*Task material*:
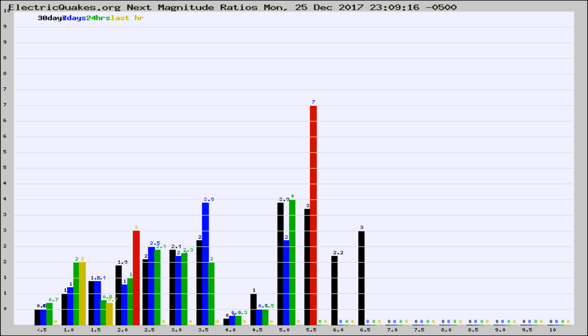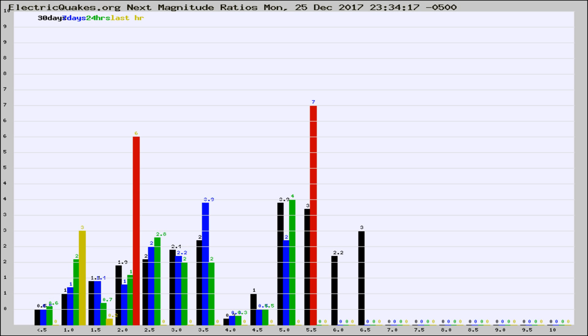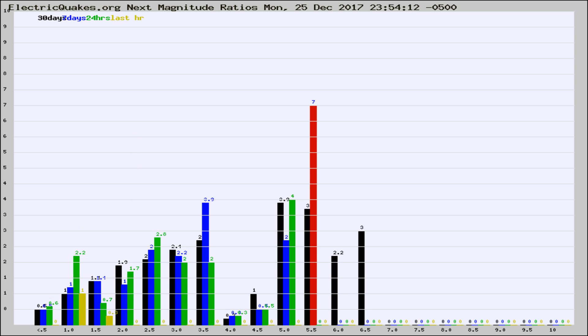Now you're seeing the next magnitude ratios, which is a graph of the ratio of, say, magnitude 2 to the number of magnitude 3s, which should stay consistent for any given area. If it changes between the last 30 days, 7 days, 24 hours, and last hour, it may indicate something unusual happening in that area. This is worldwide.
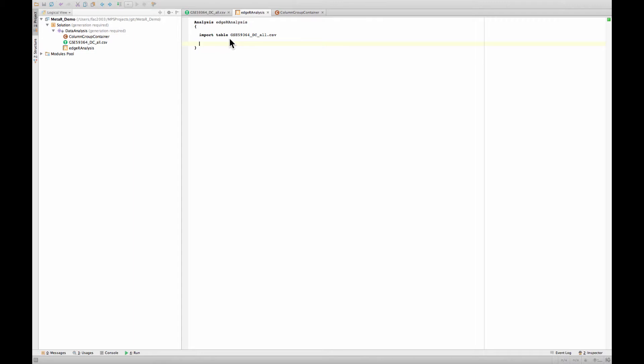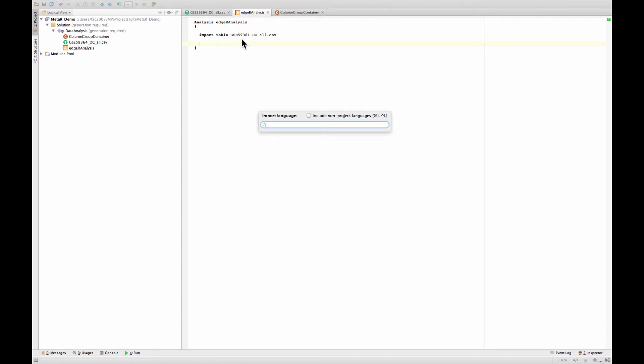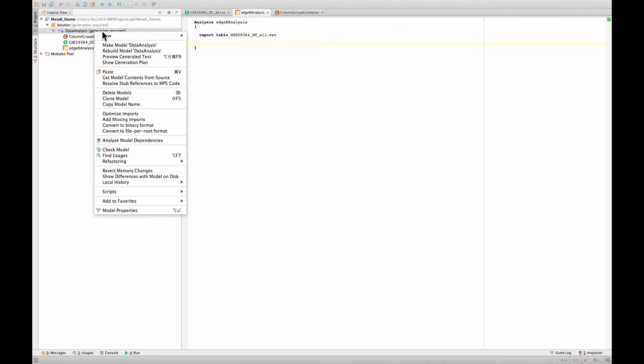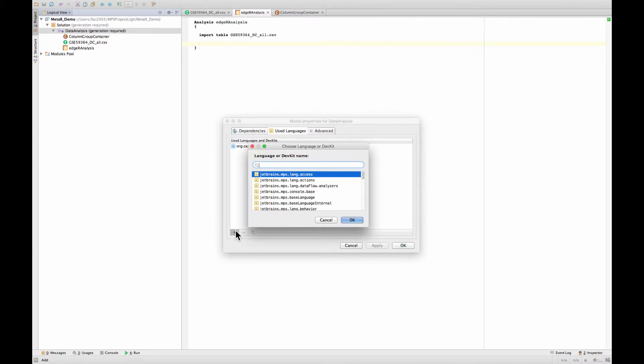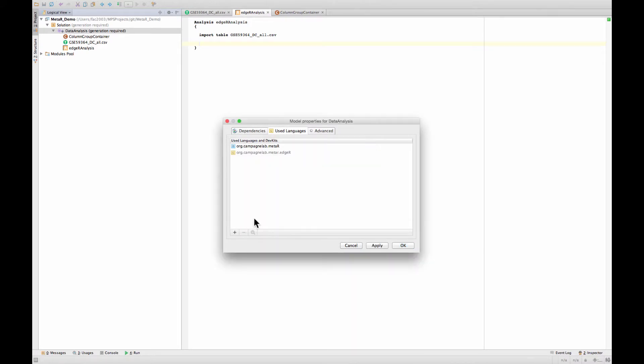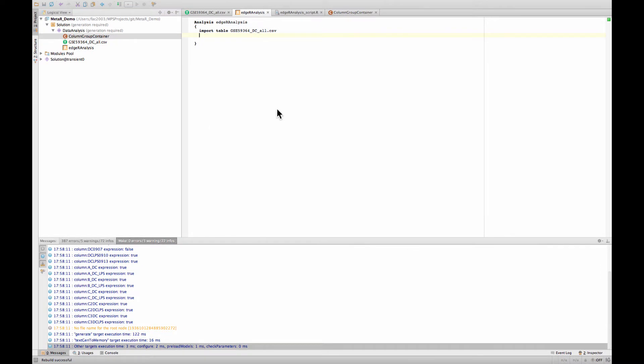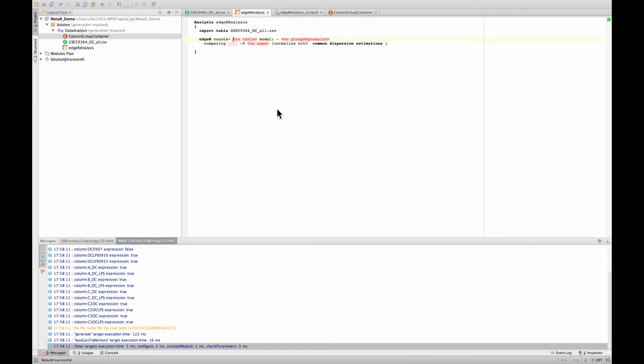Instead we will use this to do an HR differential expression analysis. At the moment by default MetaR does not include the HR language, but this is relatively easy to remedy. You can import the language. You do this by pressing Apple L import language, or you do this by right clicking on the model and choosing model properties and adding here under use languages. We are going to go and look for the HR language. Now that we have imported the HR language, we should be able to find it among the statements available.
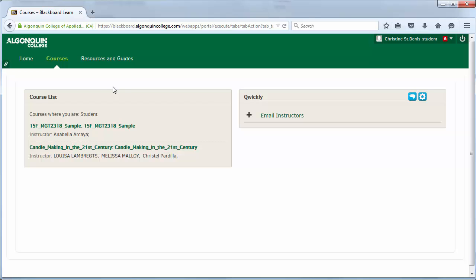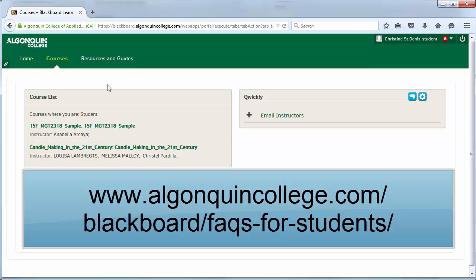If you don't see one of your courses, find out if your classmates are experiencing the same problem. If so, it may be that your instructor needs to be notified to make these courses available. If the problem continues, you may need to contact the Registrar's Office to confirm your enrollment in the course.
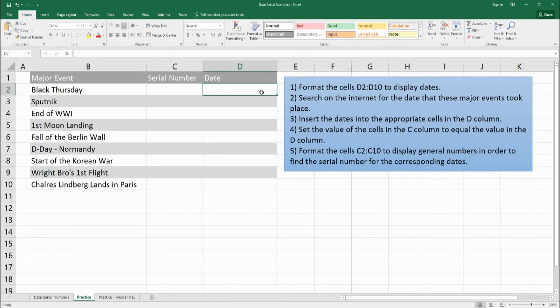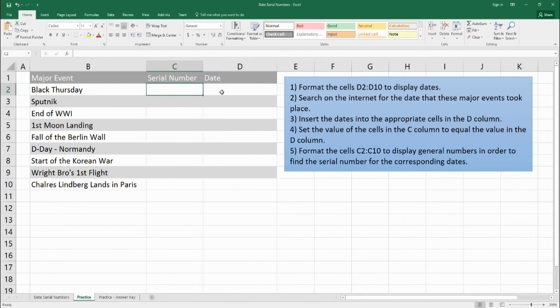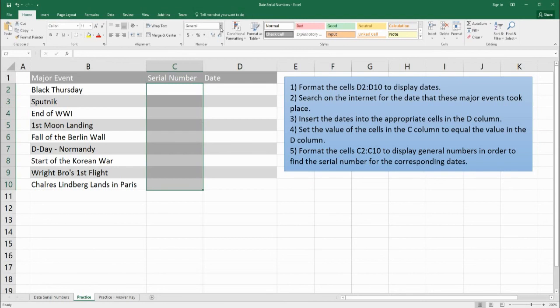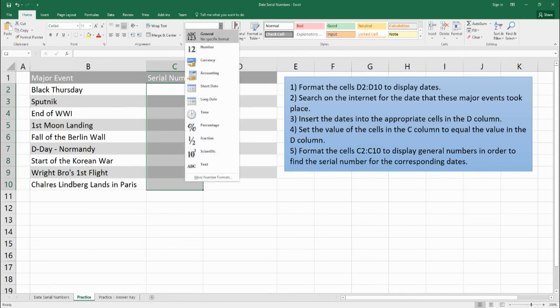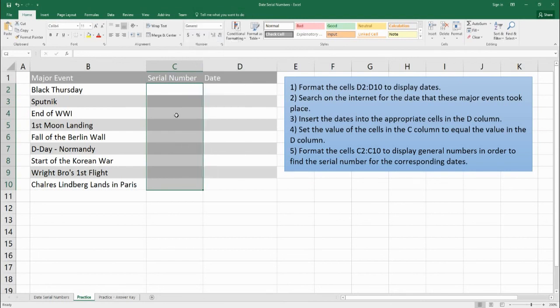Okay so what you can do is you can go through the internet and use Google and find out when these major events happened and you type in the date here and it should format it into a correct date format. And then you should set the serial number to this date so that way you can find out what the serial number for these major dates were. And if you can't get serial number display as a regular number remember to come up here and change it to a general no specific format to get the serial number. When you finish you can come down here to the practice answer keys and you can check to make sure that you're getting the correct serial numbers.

...

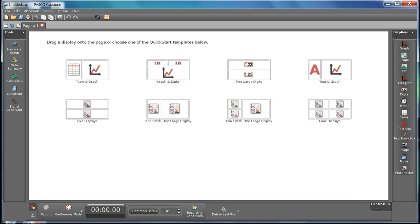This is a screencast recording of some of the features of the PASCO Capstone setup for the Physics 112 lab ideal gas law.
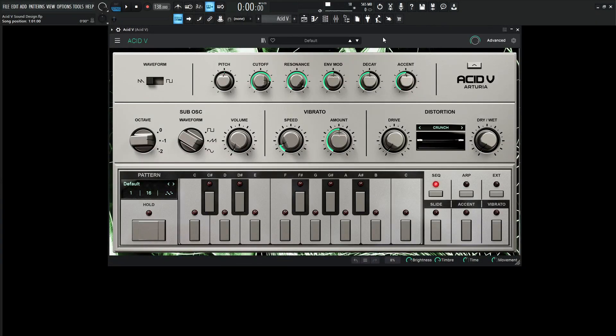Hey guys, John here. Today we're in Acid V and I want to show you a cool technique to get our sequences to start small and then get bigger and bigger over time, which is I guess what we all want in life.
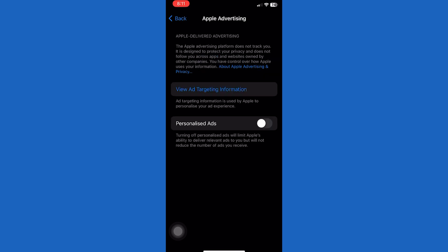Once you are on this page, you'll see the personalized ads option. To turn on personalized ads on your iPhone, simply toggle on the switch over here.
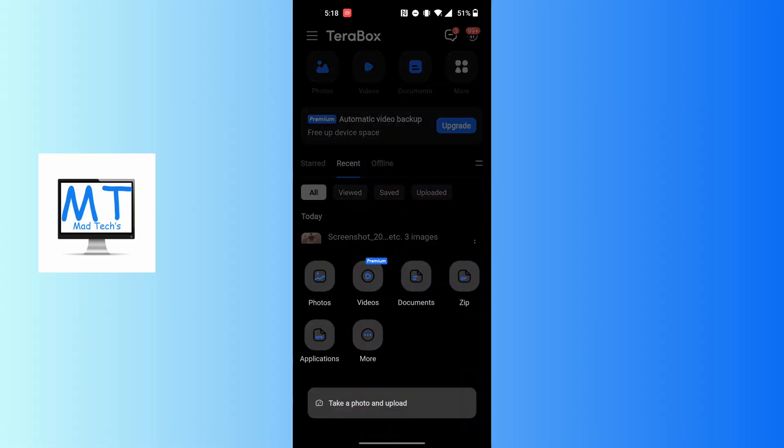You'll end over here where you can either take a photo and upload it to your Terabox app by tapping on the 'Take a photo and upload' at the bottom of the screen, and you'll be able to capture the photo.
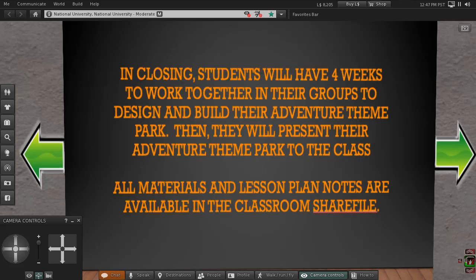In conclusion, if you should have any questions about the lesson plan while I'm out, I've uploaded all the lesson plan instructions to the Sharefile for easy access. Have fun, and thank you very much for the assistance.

---

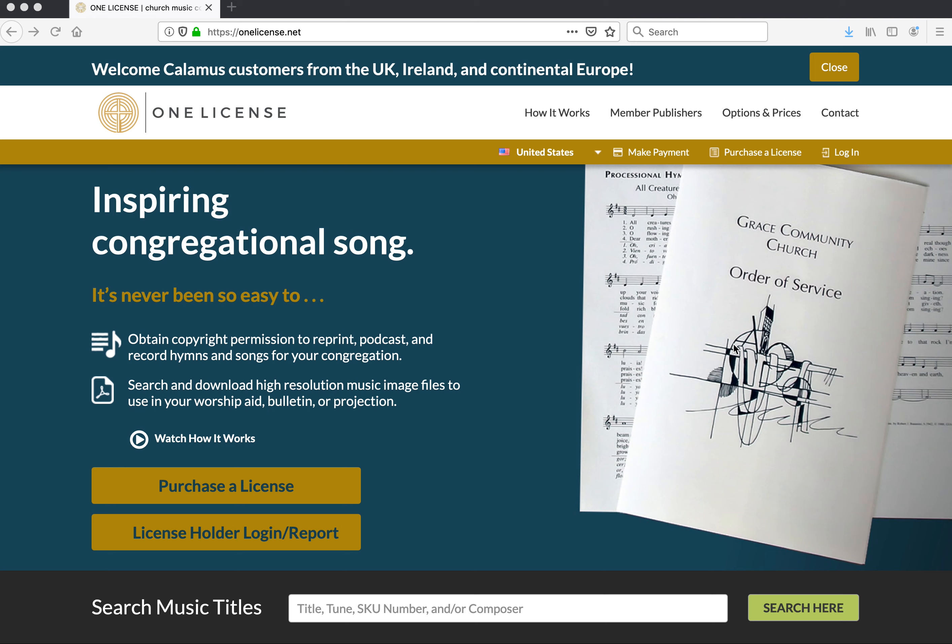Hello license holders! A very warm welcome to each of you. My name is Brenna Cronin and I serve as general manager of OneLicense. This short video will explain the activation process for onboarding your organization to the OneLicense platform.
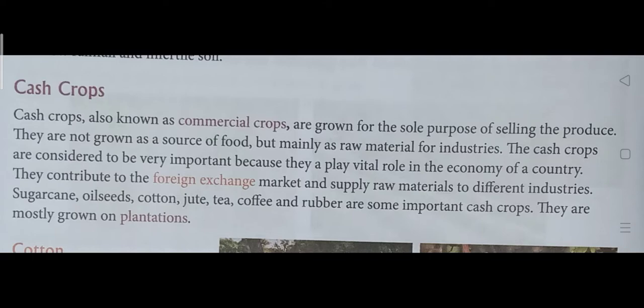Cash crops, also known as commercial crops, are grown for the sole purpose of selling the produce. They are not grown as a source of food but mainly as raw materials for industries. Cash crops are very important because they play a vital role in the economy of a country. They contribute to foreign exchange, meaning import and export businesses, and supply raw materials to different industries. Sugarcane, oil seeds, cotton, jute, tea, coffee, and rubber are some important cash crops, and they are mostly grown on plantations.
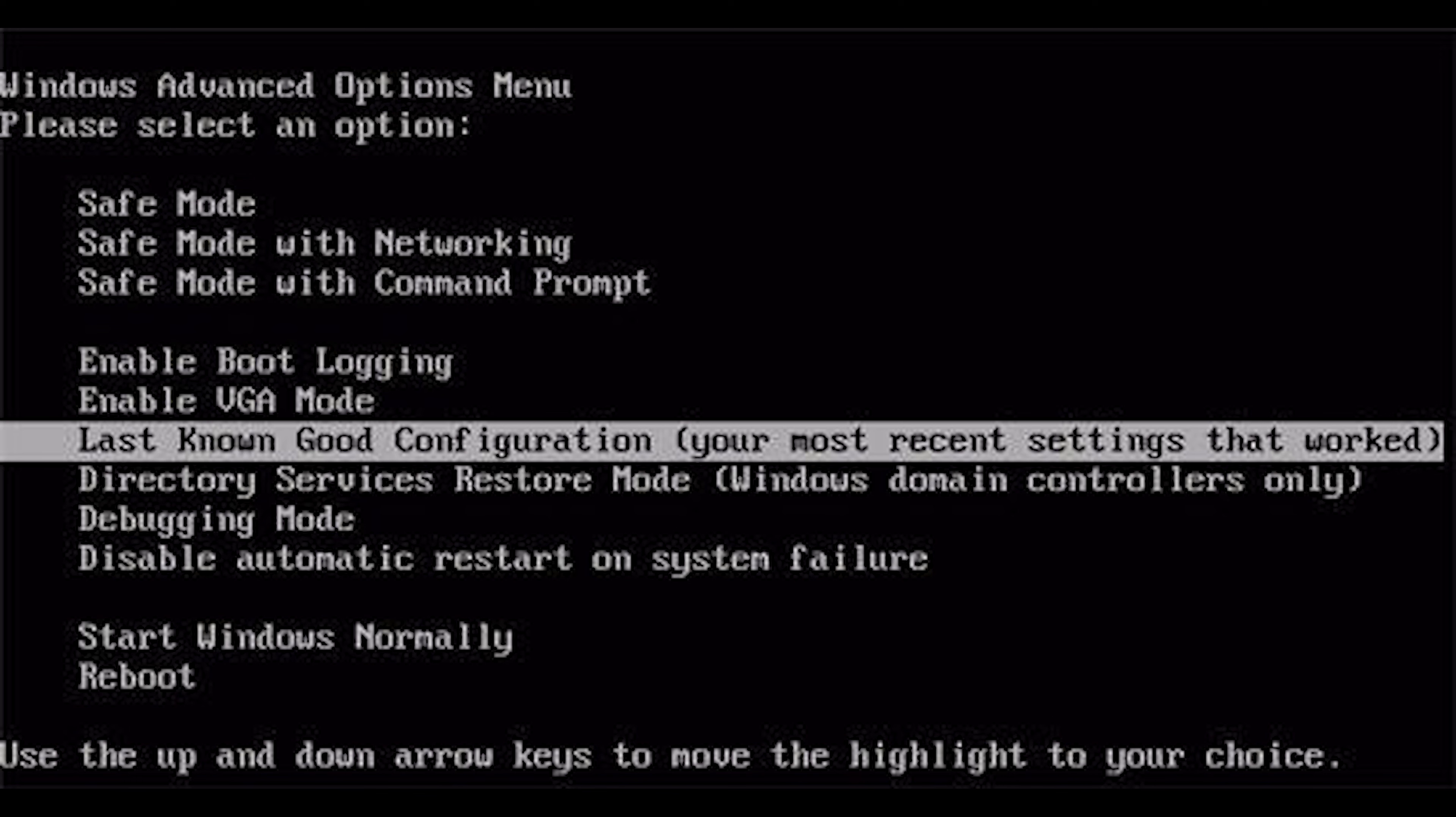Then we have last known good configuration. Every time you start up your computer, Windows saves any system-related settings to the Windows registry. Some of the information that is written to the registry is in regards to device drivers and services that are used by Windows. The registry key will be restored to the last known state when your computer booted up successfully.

*What is being asked*: Look above for the line with "Now you're seeing" and the line with "Okay so what", then copy them and all lines in between exactly as written, and only those, without any pictures.

*Solution*:
Now you're seeing the next magnitude ratios, which is a graph of the ratio of, say, magnitude 2 to the number of magnitude 3s, which should stay consistent for any given area. If it changes between the last 30 days, 7 days, 24 hours, and last hour, it may indicate something unusual happening in that area. This is worldwide.
Instead we will use this to do an HR differential expression analysis. At the moment by default MetaR does not include the HR language, but this is relatively easy to remedy. You can import the language. You do this by pressing Apple L import language, or you do this by right clicking on the model and choosing model properties and adding here under use languages. We are going to go and look for the HR language. Now that we have imported the HR language, we should be able to find it among the statements available.
If you don't see one of your courses, find out if your classmates are experiencing the same problem. If so, it may be that your instructor needs to be notified to make these courses available. If the problem continues, you may need to contact the Registrar's Office to confirm your enrollment in the course.
Okay so what you can do is you can go through the internet and use Google and find out when these major events happened and you type in the date here and it should format it into a correct date format. And then you should set the serial number to this date so that way you can find out what the serial number for these major dates were. And if you can't get serial number display as a regular number remember to come up here and change it to a general no specific format to get the serial number. When you finish you can come down here to the practice answer keys and you can check to make sure that you're getting the correct serial numbers.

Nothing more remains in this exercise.